Schwerer Fehler des Bundesgesundheitsministers: Meldedaten dürfen nicht für "Impf-Einladungen" verwendet werden
In Niedersachsen ist das Melderegister für die Gesundheitsverwaltung der Bundesländer tabu. Um Senioren zu Impfterminen einzuladen, beschaffen sich daher die Behörden Adressverzeichnisse der Deutschen Post und versuchen, anhand altmodisch klingender Vornamen Senioren zu identifizieren. Dies liegt an einem Versäumnis des Bundesgesundheitsministers: Er hat es versäumt, eine Abfragebefugnis in die Coronavirus-Impfverordnung (CoronaImpfV) einzufügen.

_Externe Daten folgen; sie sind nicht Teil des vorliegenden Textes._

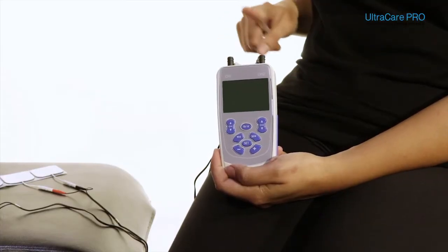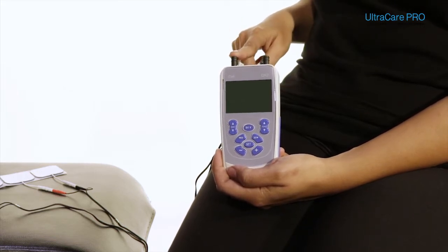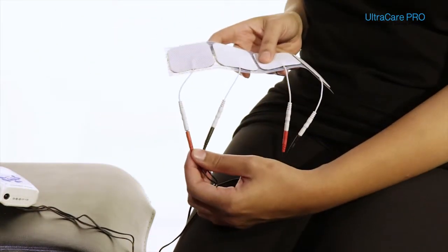The wires attached to the electrodes come from channel 1 and channel 2 in the device. Each channel supplies current to two electrodes, one of red color and another of black color.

Auf der Website des Landes Niedersachsen heißt es hierzu:
"Aufgrund rechtlicher Hürden kann das Land die Adressen der Impfberechtigten aus dem amtlichen Melderegister für diese Anschreiben leider nicht verwenden. Aus diesem Grund greift Niedersachsen auf die Vermietdatenbank der Deutschen Post Direkt GmbH zurück, die die hohen Ansprüche an den Datenschutz erfüllt, aber nicht vollständig ist. Es werden deshalb nicht alle Niedersächsinnen und Niedersachsen, die älter sind als 80 Jahre, einen Brief erhalten." Covid-19 Impfung - Antworten auf häufig gestellte Fragen (zu Frage "1. Wann starten die Impfungen gegen Covid-19?" im kursiven Absatz "Wichtig: ..."; Satz 1 wurde auf der Zielseite nachträglich leicht modifiziert)
Regelung fehlt: Dies kann man durchaus als "Datenschutz-Wahnsinn" bezeichnen (Ochse/Wiegers, "Länder müssen sich Adressen von der Post holen", Bild v. 13.1.2021). Bei näherer Betrachtung zeigt sich jedoch, dass Schlampigkeit am Werk war, denn der Gesundheitsminister hätte Meldeabfragen ohne Weiteres in der CoronaImpfV regeln können, ohne dass die DSGVO in irgendeiner Weise im Wege gestanden hätte, Art. 6 Abs. 1 Satz 1 lit. c) und e) DSGVO. Eine solche Regelung, die für behördliche Abfragebefugnisse notwendig ist, fehlt jedoch.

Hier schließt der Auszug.